On Thu, 4 Jan 2018, Jon Masters wrote:
> On 01/04/2018 07:54 PM, Thomas Gleixner wrote:
> > On Thu, 4 Jan 2018, Jon Masters wrote:
> >> P.S. I've an internal document where I've been tracking "nice to haves"
> >> for later, and one of them is whether it makes sense to tag binaries as
> >> "trusted" (e.g. extended attribute, label, whatever). It was something I
> >> wanted to bring up at some point as potentially worth considering.
> > 
> > Scratch that. There is no such thing as a trusted binary.
> 
> I agree with your sentiment, but for those mitigations that carry a
> significant performance overhead (for example IBRS at the moment, and on
> some other architectures where we might not end up with retpolines)
> there /could/ be some value in leaving them on by default but allowing a
> sysadmin to decide to trust a given application/container and accept the
> risk. Sure, it's selectively weakened security, I get that. I am not
> necessarily advocating this, just suggesting it be discussed.
> 
> [ I also totally get that you can extend variant 2 to have any
> application that interacts with another abuse it (even over a pipe or a
> socket, etc. provided they share the same cache and take untrusted data
> that can lead to some kind of load within a speculation window), and
> there are a ton of ways to still cause an attack in that case. ]

Correct.

We have neither the basic mitigations in place nor has anyone fully
understood the implications and possible further issues.

So can we please all sit back and fix the problems at hand in a sane way
before we start discussing things like selective trust or whatever?

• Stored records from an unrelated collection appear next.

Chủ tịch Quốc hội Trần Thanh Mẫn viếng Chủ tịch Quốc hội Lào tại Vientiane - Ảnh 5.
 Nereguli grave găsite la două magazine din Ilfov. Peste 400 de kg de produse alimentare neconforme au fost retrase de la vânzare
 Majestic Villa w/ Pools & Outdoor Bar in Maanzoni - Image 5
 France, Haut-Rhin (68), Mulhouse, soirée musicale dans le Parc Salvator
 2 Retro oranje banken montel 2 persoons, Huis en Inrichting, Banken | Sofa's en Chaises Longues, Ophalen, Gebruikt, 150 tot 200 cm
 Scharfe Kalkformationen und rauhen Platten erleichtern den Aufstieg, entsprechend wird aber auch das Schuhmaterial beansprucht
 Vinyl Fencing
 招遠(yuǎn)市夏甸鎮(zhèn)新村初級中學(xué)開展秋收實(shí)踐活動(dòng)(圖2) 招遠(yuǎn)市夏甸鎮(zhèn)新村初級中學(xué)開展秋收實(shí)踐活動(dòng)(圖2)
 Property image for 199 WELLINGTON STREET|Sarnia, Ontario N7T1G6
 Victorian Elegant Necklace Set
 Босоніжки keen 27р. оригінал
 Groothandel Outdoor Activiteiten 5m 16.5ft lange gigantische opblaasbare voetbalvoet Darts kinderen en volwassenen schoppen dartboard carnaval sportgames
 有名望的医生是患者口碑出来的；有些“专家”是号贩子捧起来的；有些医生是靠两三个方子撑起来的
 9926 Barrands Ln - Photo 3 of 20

I've seen the insanities which were crammed into the distro kernels, which
have sysctls and whatever, but at the same time these kernels shipped in a
haste do not even boot on a specific class of machines. Great engineering
work.

The thing which sits between the ears is not an acronyn for:

    Big Revenue All Intelligence Nuked

But it seems that in some ways it has been degraded to exactly that or do
you have a sane explanation why quite some of the chip vendors ignored the
textbooks from the 90es about speculative execution, which clearly say that
speculation has to stop on domain borders and permission violations.

We already lost a lot of precious time due to other even more disgusting
big corporate games and many of us haven't had a quite moment in the past
two month.

So can we please fix the stuff on the oldest and most important principle
of engineering "Correctness first" and then once that done think about ways
how to optimize that w/o digging yet another hole.